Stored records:
------------------------------------------------------------------------
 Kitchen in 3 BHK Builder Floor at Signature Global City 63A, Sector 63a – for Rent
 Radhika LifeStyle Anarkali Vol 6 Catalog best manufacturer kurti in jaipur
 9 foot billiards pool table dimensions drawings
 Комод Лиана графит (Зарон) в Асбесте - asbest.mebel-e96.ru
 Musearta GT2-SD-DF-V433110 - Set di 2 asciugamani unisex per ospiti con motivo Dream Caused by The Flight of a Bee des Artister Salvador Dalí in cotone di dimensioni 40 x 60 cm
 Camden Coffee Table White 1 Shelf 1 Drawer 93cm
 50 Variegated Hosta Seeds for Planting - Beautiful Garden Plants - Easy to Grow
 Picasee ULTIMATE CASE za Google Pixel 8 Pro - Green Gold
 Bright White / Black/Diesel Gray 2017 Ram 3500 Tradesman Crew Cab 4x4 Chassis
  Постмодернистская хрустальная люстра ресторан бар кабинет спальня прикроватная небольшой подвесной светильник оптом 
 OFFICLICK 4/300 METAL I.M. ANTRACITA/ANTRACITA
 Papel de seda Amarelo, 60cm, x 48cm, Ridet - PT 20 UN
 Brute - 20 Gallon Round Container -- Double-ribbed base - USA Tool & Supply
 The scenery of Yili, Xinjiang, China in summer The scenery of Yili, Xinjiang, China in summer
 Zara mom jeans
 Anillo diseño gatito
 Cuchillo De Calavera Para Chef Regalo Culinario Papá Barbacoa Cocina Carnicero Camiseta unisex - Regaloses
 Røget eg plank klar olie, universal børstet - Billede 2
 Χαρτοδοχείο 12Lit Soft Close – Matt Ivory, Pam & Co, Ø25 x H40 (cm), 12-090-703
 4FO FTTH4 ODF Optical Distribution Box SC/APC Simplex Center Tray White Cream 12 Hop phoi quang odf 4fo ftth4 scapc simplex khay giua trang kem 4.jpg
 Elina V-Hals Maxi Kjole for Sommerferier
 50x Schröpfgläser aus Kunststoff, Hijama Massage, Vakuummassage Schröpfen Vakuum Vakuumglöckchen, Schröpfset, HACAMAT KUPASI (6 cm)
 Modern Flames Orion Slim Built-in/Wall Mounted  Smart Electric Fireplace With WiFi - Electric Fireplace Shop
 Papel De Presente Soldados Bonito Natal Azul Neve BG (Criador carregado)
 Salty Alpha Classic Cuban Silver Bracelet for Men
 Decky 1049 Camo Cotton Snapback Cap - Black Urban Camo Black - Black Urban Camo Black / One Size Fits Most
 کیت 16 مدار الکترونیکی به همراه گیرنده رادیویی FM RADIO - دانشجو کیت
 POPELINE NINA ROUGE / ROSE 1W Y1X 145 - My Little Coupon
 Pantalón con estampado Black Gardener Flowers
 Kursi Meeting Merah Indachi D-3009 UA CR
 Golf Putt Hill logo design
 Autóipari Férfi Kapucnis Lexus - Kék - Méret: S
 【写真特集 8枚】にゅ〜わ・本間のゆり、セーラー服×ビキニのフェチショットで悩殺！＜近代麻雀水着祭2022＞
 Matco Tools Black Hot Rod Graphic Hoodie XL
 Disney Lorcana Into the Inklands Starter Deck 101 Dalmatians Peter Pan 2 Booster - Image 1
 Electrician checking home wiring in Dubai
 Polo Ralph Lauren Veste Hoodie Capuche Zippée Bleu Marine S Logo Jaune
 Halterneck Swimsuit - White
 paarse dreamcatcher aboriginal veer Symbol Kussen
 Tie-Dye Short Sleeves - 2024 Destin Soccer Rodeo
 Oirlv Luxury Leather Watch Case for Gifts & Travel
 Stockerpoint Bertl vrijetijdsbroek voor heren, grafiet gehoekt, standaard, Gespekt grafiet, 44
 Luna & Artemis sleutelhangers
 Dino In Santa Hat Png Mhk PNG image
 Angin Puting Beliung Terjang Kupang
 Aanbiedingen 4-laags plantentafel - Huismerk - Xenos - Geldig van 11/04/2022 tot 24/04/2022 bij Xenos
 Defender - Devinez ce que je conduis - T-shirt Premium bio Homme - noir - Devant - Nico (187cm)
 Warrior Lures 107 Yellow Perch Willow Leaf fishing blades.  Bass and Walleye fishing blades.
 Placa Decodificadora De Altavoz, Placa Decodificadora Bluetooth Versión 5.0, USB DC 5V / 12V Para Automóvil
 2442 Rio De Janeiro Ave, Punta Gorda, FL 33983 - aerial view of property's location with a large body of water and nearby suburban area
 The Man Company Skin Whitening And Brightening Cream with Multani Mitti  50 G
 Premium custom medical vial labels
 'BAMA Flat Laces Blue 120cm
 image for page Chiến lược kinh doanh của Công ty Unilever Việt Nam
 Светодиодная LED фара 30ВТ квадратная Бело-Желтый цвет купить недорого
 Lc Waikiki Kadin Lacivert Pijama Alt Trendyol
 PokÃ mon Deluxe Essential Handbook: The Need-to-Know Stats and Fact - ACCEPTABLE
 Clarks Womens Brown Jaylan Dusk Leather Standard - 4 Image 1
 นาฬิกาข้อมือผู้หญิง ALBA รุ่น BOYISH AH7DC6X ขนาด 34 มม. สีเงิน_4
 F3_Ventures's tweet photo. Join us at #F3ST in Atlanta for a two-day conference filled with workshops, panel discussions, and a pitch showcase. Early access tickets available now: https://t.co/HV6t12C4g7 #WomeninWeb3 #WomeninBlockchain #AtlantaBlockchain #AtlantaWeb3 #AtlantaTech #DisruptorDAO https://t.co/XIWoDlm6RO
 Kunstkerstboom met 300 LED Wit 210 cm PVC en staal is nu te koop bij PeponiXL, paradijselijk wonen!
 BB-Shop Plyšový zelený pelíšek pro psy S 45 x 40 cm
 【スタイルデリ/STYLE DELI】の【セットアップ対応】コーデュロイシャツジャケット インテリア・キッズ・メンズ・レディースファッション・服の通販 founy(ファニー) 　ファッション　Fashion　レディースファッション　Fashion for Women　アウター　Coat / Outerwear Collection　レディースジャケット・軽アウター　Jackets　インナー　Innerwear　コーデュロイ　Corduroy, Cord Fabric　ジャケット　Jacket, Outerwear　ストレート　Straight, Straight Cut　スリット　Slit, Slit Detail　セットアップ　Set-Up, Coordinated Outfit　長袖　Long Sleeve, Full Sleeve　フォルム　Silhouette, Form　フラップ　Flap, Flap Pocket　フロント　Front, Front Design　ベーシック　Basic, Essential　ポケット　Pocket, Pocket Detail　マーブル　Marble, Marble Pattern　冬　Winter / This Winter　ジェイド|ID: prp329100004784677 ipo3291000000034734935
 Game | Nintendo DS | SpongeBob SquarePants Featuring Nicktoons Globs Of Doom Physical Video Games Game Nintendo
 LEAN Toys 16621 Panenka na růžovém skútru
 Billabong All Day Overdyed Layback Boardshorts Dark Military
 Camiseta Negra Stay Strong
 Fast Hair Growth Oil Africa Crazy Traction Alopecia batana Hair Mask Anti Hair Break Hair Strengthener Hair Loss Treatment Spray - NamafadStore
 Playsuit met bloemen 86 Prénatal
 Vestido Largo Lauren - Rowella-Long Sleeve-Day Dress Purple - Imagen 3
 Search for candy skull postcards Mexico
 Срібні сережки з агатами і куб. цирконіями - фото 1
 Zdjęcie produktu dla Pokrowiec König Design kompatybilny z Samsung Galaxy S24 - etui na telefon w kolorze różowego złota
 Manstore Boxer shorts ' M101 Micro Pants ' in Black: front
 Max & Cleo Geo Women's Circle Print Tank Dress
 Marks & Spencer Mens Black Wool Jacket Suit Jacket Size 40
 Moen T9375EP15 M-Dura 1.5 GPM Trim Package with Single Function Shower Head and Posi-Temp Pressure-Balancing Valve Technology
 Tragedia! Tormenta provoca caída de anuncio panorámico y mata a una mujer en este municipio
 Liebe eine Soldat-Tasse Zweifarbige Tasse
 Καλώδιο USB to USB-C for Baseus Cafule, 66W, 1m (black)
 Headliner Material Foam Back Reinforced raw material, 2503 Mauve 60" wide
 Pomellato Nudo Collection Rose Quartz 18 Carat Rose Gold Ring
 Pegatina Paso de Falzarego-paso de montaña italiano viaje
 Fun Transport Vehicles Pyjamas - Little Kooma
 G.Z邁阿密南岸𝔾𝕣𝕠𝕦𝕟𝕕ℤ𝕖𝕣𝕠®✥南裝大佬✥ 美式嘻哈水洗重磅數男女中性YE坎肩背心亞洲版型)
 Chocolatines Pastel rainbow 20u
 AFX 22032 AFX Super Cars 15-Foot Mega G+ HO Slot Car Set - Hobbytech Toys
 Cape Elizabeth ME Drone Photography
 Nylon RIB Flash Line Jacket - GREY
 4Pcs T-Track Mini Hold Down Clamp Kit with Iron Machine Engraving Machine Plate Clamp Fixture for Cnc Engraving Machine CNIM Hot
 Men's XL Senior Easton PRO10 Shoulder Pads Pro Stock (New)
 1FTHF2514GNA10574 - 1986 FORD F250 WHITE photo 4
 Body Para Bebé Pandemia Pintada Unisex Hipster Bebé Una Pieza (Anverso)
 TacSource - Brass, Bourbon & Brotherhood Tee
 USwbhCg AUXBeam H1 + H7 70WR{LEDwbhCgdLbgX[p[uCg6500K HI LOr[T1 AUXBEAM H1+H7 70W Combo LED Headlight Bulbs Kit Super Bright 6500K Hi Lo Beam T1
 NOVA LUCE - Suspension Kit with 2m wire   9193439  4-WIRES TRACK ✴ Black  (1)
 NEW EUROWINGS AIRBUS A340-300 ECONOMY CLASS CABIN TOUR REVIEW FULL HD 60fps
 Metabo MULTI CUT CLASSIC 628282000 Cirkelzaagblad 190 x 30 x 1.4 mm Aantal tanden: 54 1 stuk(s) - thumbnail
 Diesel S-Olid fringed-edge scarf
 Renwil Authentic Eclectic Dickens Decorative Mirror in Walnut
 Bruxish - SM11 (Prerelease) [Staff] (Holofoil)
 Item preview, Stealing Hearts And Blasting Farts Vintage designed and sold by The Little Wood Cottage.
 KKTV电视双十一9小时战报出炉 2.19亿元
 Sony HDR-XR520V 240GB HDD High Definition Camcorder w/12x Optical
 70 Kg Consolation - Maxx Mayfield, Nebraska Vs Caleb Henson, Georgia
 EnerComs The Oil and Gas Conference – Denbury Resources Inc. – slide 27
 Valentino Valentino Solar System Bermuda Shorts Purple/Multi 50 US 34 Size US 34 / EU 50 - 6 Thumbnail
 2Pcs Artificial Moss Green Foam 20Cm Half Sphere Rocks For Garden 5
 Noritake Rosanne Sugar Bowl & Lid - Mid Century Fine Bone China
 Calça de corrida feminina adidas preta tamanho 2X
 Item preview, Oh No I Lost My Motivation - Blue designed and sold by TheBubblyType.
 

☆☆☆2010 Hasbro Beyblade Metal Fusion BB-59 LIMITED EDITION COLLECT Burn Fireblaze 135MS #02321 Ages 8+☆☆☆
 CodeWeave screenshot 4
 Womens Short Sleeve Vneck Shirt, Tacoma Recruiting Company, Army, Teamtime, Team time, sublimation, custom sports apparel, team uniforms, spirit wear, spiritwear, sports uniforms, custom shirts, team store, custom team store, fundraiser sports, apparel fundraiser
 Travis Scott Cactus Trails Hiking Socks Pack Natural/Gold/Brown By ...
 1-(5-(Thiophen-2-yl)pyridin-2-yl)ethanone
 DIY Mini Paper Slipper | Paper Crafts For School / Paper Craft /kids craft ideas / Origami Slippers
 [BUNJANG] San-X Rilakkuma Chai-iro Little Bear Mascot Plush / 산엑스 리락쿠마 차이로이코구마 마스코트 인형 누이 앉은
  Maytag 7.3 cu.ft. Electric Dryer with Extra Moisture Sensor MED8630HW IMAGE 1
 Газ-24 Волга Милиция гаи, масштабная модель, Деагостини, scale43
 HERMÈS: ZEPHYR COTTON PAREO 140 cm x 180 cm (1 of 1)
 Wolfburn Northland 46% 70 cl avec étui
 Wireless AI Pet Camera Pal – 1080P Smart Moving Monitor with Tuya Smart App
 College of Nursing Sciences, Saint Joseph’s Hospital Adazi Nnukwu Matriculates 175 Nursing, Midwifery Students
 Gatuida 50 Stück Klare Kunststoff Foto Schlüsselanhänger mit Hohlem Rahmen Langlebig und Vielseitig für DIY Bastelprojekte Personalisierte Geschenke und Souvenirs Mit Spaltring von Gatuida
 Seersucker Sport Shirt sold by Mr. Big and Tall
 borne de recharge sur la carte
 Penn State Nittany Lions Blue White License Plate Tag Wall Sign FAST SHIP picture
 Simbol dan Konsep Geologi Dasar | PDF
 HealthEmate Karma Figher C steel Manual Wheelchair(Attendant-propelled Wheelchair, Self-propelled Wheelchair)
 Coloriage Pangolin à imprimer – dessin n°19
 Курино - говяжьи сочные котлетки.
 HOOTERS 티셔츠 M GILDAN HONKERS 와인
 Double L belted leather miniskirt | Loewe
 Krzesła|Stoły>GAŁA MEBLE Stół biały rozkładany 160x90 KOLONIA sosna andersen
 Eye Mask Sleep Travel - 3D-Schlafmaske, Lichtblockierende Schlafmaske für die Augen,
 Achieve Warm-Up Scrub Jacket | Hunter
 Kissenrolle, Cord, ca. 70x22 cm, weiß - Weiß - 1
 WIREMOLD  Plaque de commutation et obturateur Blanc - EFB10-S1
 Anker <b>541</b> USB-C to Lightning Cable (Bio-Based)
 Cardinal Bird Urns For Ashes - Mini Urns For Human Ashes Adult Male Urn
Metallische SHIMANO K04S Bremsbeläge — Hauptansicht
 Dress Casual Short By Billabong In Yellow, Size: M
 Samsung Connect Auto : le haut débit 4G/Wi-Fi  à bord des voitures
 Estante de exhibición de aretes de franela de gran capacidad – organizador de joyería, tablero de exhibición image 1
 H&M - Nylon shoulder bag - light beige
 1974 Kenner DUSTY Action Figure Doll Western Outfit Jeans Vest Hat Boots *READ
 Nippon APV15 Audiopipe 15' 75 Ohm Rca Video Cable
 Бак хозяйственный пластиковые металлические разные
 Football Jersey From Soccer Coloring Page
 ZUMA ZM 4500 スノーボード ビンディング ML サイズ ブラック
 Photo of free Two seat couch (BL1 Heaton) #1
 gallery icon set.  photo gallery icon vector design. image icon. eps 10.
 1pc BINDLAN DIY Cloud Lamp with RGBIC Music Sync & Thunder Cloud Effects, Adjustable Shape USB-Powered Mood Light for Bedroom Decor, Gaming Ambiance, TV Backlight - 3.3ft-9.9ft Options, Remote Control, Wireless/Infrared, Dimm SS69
------------------------------------------------------------------------
= HOW TO COMPLETE THIS TASK =
Transcribe the lines above between the line holding "Καλώδιο USB to" and the line holding "70 Kg Consolation", inclusive, exactly as they stand and with nothing added.

= TASK ANSWER =
 Καλώδιο USB to USB-C for Baseus Cafule, 66W, 1m (black)
 Headliner Material Foam Back Reinforced raw material, 2503 Mauve 60" wide
 Pomellato Nudo Collection Rose Quartz 18 Carat Rose Gold Ring
 Pegatina Paso de Falzarego-paso de montaña italiano viaje
 Fun Transport Vehicles Pyjamas - Little Kooma
 G.Z邁阿密南岸𝔾𝕣𝕠𝕦𝕟𝕕ℤ𝕖𝕣𝕠®✥南裝大佬✥ 美式嘻哈水洗重磅數男女中性YE坎肩背心亞洲版型)
 Chocolatines Pastel rainbow 20u
 AFX 22032 AFX Super Cars 15-Foot Mega G+ HO Slot Car Set - Hobbytech Toys
 Cape Elizabeth ME Drone Photography
 Nylon RIB Flash Line Jacket - GREY
 4Pcs T-Track Mini Hold Down Clamp Kit with Iron Machine Engraving Machine Plate Clamp Fixture for Cnc Engraving Machine CNIM Hot
 Men's XL Senior Easton PRO10 Shoulder Pads Pro Stock (New)
 1FTHF2514GNA10574 - 1986 FORD F250 WHITE photo 4
 Body Para Bebé Pandemia Pintada Unisex Hipster Bebé Una Pieza (Anverso)
 TacSource - Brass, Bourbon & Brotherhood Tee
 USwbhCg AUXBeam H1 + H7 70WR{LEDwbhCgdLbgX[p[uCg6500K HI LOr[T1 AUXBEAM H1+H7 70W Combo LED Headlight Bulbs Kit Super Bright 6500K Hi Lo Beam T1
 NOVA LUCE - Suspension Kit with 2m wire   9193439  4-WIRES TRACK ✴ Black  (1)
 NEW EUROWINGS AIRBUS A340-300 ECONOMY CLASS CABIN TOUR REVIEW FULL HD 60fps
 Metabo MULTI CUT CLASSIC 628282000 Cirkelzaagblad 190 x 30 x 1.4 mm Aantal tanden: 54 1 stuk(s) - thumbnail
 Diesel S-Olid fringed-edge scarf
 Renwil Authentic Eclectic Dickens Decorative Mirror in Walnut
 Bruxish - SM11 (Prerelease) [Staff] (Holofoil)
 Item preview, Stealing Hearts And Blasting Farts Vintage designed and sold by The Little Wood Cottage.
 KKTV电视双十一9小时战报出炉 2.19亿元
 Sony HDR-XR520V 240GB HDD High Definition Camcorder w/12x Optical
 70 Kg Consolation - Maxx Mayfield, Nebraska Vs Caleb Henson, Georgia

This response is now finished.